Sustainability is a concern shared by most Western professionals who are consulting with the Chinese government, either directly or indirectly, to devise a development strategy that will support its vigorous growth. Statistics reveal that the U.S., now the world’s largest economy, uses 25% of the world’s natural resources. If China – with four times the U.S.’s population – develops similar consumption patterns, it will consume all of the world’s non-renewable resources when its economy reaches full fruition in 20-30 years.
Rising incomes in China are fueling a dramatic increase in automobile ownership: it is estimated that between 12,000 and 14,000 new cars are added to China’s streets each day, increasing traffic congestion and air pollution, and spawning the development of thousands of kilometers of new highways . Transit-oriented development, or TOD, is one element of a sustainable development strategy that can help to lessen the burden of growing cities on the world’s limited supply of non-renewable resources.

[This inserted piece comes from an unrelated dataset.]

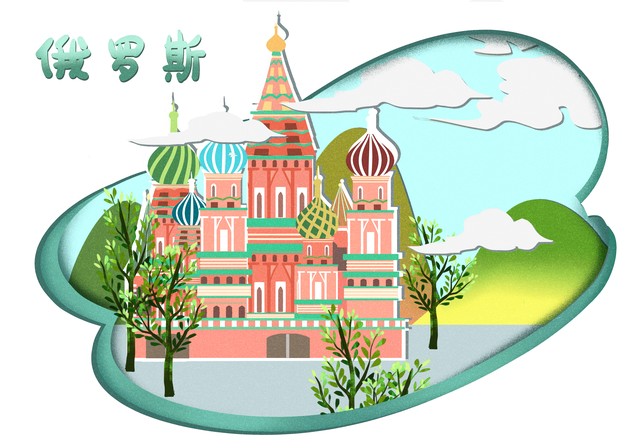 中俄关系发展对哈尔滨的影响,中俄合作带动俄罗斯经济增长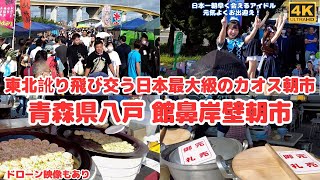 国内最大級のカオス朝市「館鼻岸壁朝市青森県八戸市 」地元の方が溢れる日曜日の楽しみ！日本一朝早くアイドルが出迎え、東北弁が飛び交い旅情たっぷり！ドローン映像で全体雰囲気も [upl. by Junna]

TOD, supported by a detailed and integrative policy framework, promotes the efficient use of land and development of a compact urban form, while curbing automobile usage by creating incentives for transit, walking, bicycling and other non-motorized modes of transportation.
Tianjin: a snapshot
Metropolitan Tianjin is the third largest city in China, after Beijing and Shanghai. With a population of 10 million, Tianjin reports directly to the Chinese government and benefits from direct access to centralized sources of funding for large-scale development projects. The port at Tanggu (30 km southeast of Tianjin proper) fuels much of Tianjin’s economy. Tianjin’s major industries include clothing and textiles, chemicals and electronics.

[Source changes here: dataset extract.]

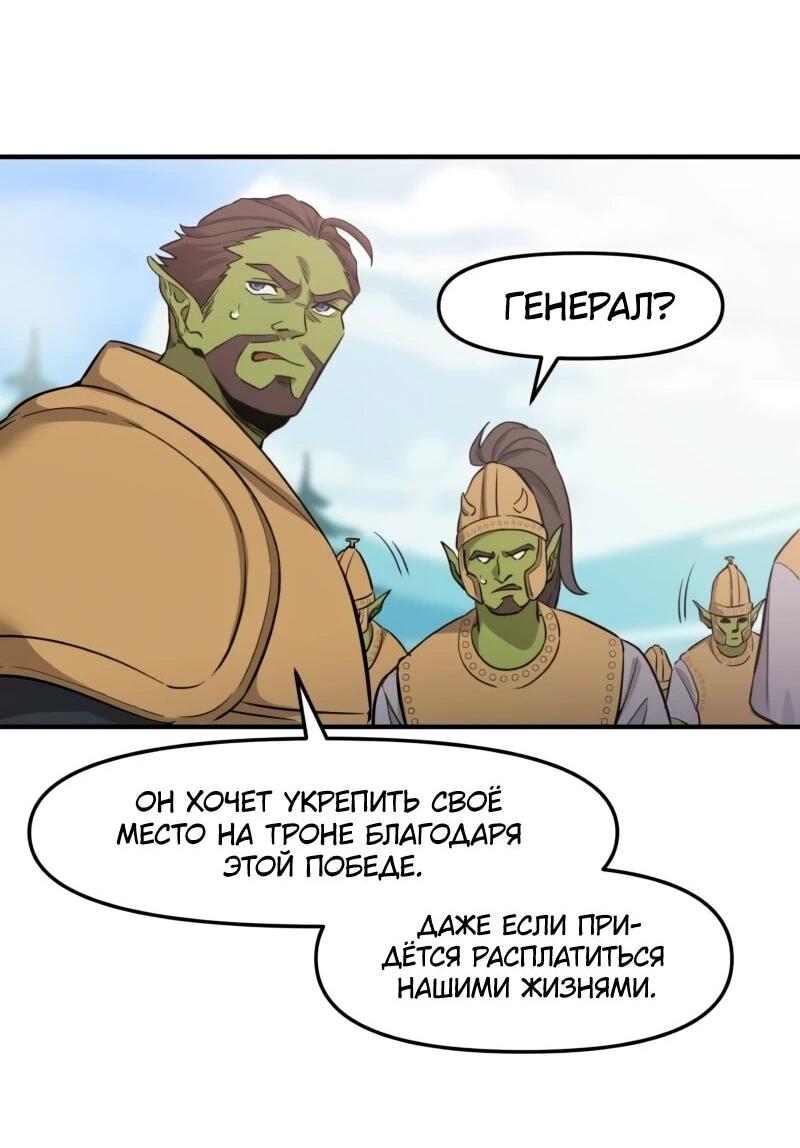 Манга Лорд Гоблинов - Глава 117 Страница 23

Tianjin’s Central Station is one of northern China’s major railway hubs and serves as a junction point for the Beijing-Shanghai lines, while also providing direct access to other northeastern and southern provinces. After Beijing was chosen to host the 2008 Olympics, the City of Tianjin invested heavily in improvements to urban transport – most prominently a new light rail line connecting Tianjin proper with the port of Tanggu. The City is also expanding existing rail lines within Tianjin proper to support its growing population of residents and commuters.
Studio goals and approach
In the fall of 2004, UC Berkeley’s College of Environmental Design was asked by the Tianjin Urban Planning and Design Institute to develop principles and prototypes for TOD in Tianjin. The studio was comprised of fifteen graduate students in architecture, landscape architecture and city and regional planning, and led by three instructors. The interdisciplinary nature of the studio sought to combine a wide range of skills to propose a plan for new TOD in Tianjin.

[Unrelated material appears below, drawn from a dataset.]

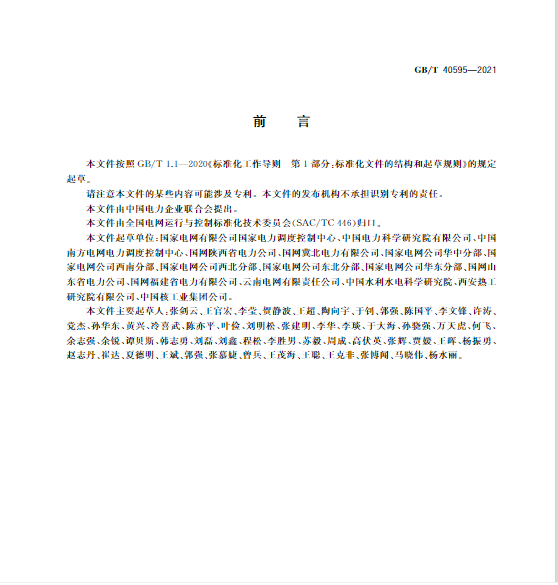 又一政策落實！事關(guān)光伏電站、儲能電站（附標準全文）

The Institute suggested four sites in Tianjin, from which the studio chose three, as platforms for their ideas. Each site is distinct in its geography, history and local character, but they shared two things in common: first, on each site there is at least on transit station serving the city’s expanding rail system; and second, each site has a direct connection to Tianjin’s network of rivers and canals.
The studio viewed the river as the conceptual “thread” running through the three proposals. Echoing an approach of “ecosystem as infrastructure” , the studio envisioned the river as the City’s main artery, with riverfront paths to feed pedestrians and bicyclists into the larger network of roads and railway transit. A plan for commercial, residential and public land uses would strategically fill in the areas between transit stations and the river, thereby helping the City to gain the most from its investment by directly linking people to the transit system.
The studio authored a broad set of principles to inform the planning and design process. Based on these principles — which are further distilled into a set of strategies and guidelines — we developed prototypes for three sites in Tianjin.
The “kit of parts” breaks this set of principles down into physical components and highlights the more specific elements of each plan. Tianjin Municipal Government can use this menu of options in developing future prototypes for development.
Principle 1 – High Density/Mixed Use
Create high density mixed-use neighborhoods to support transit. A successful transit-oriented development creates a wide range of destinations (offices, community centers, and recreation areas) within easy walking or biking distance of transit.
Principle 2 – Pedestrian/Bicyclist Network
Develop an independent pedestrian and bicycle network to support transit and access through neighborhoods. Directly connecting pedestrian and bicycle-only pathways to transit stations encourages the use of non-motorized transport. These car-free pathways also increase foot traffic visibility for local businesses.
Principle 3 – Transit Connections
Facilitate connections to transit with a fine-grained street grid. An urban street grid works best when it incorporates a clear hierarchy of street types. The grid allows for the dispersion of travel and access through neighborhoods, while the hierarchy provides different street environments to accommodate both faster and slower traffic.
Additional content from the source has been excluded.